Wednesday, July 21, 2004

Our WebDAV love affair?

A while ago my company met WebDAV, we spied it across a crowded room and knew instantly that it was the technology that we want to be with, forever. Thus followed a whirlwind romance and a very quick marriage.

Now we have been together for 2 years and the honeymoon is definitely over, but unfortunately we've had kids and now divorce seems as problematic as trying to work around our issues. We have a mistress on the side, SOAP Web Services, to provide what is missing from our relationship with WebDAV. What is to be done.

At this point I should make sure that you understand that I am in no way having a go at the people who have worked tirelessly to bring the WebDAV family of specifications to the point that they are at now. The work they have done is great, on a standard that doesn't have anywhere near the support that it should and one that has been implemented in a bad way many times.

The IETF WebDAV group began officially on March 20th 1997, there is now the core WebDAV specification, DeltaV versioning extensions specification, Ordered Collections, Access Control Extensions and the in progress DASL Searching specification. Pulled together these form, on the surface at least, a well rounded set of specifications, however 2 years is a long time to get to know something.

We started working with WebDAV because our company had instituted research days, once a month, for all the developers. We each got to try out new and interesting things as long as they were something to do with what we do, which is build online information systems with a heavy focus on use of metadata. One of our developers was exploring the idea of layer new interfaces onto the CMS aspect of our server software. He got FTP working, then Telnet and finally tried out WebDAV.

It was a good fit, we have resources to which we allow people to attach metadata, which is exactly what WebDAV gives you. Straight away we ran into 2 problems, the first was that there is no way in WebDAV to supply to the client application the definitions for each of the properties. Secondly there is no agreed way to pass around multiple values for a property. A property can simply contain <xs:any/> element.

So we designed extensions to WebDAV for this, which worked well, and completed the implementation of the core specification.
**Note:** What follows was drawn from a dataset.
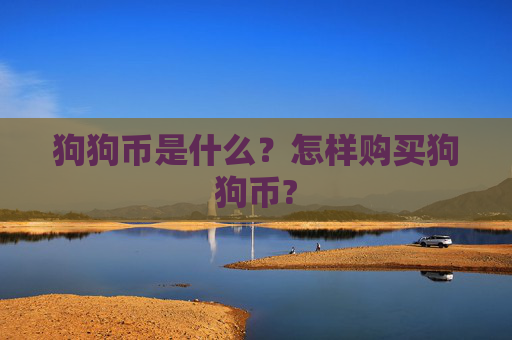 狗狗币是什么？怎样购买狗狗币?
We skirted around having to implement the immature versioning specification by simplifying the view over our versioning and relating these through metadata. We used the HTML <ol/> and <li/> constructs for the multiple values, which was a work around proposed by the Dublin Core group. This was the basis for our first release.

Since then we have gone on to expand on the metadata definitions extension, we've move the multiple values constructs over to using the SOAP specification array concepts and implemented DeltaV versioning, Ordered Collections and DASL searching.

To a degree all of this has worked. I say to a degree because there are problems with these specifications. You need only look at the changes in the recent revision to the core specification to begin to understand how much needed clarification. There is not enough integration across the specifications, our implementation of the DeltaV specification had to skirt the lines across 2 of the different implementations flavours to be able to lay on top of our versioning system, which isn't that unusual.

There are missed opportunities, such as the lack of a definition of what a Principal is. In the LOCK specification the lock owner is a URI to information about this user. In the versioning specification there is also talk about users and URIs to information about them and finally in the Access control extension there are Principals, with WebDAV paths to them. However these Principals, and the WebDAV path/URIs, are in no way specified as being the same as the other user URIs. We have assumed this, and gained so much more out of it.

User handling is perhaps the area of greatest weakness, there are others mostly stemming from the specifications not quite explaining things enough (could of course just be me being thick). But yes, user handling is the worst, again not really WebDAV's fault, mostly from the awful way in which HTTP authentication works. We have ended up plugging these gaps with Web Services.

So I guess my advice is that WebDAV worked well for us, it got us up and running fairly quickly without having to design a comms protocol ourselves, but we have spent a long time tailoring and extending it to meet our exact needs, generic though it is you just cannot use it as the sole protocol for an entire system even though it might look like you can at first.